3. Dispute have arisen between the parties hereto respecting these claims; and

4. The parties aforementioned agree to refer the said disputes to arbitration.

NOW IT IS AGREED BETWEEN THE PARTIES HERETO as follows:

1. All the matters in dispute relating to the claims of CD are referred to the final determination and award of OP as arbitrator.

2. For the purpose of final determination of the disputes aforesaid, the arbitrator may take such evidence and make such enquiries, as he deems proper. He may proceed ex-parte in case any party fails to attend before him after reasonable notice. However, he cannot embark upon any secret enquiries for this purpose behind the back of the parties.

3. The provisions of the Arbitration & Conciliation Act, 1996, so far as applicable and as are not consistent or repugnant to the purposes of this reference shall apply to this reference to arbitration.

4. Both the parties agree that they would co-operate and lead evidence before the arbitrator.

5. The parties hereto agree that this reference to arbitration would not be revoked by death of either party or for any cause.
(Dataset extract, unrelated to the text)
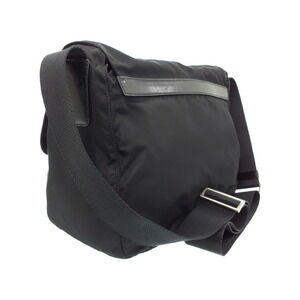 Prada Tessuto Crossbody Nero bag saffiano Black Leather messenger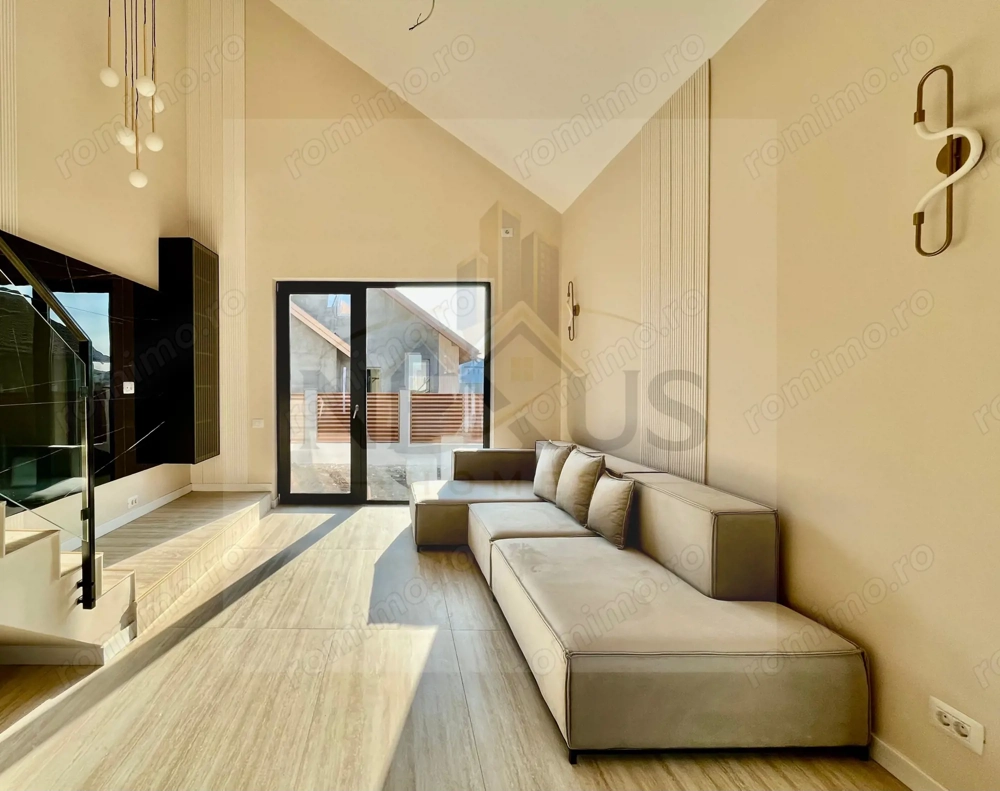 Complex rezidential-Pantelimon - Vila individuala | Acte gata -Parcare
6. The award of the arbitrator shall be binding on the parties, their heirs, executors and legal representatives.

7. The parties hereto agree that within one month of the passing of award, the said award shall be filed in the court and a decree obtained in the terms of the award.

8. The cost of this reference shall be in the discretion of the arbitrator.

IN WITNESS WHEREOF the parties hereto have signed this agreement on the day and year first written above.

…(Sd.) …(Sd.)

(AB) (CD)

10. AGREEMENT FOR REFERENCE TO TWO ARBITRATORS

THIS AGREEMENT made on the…day of…BETWEEN AB, etc., of the one part AND CD, etc. of the other part.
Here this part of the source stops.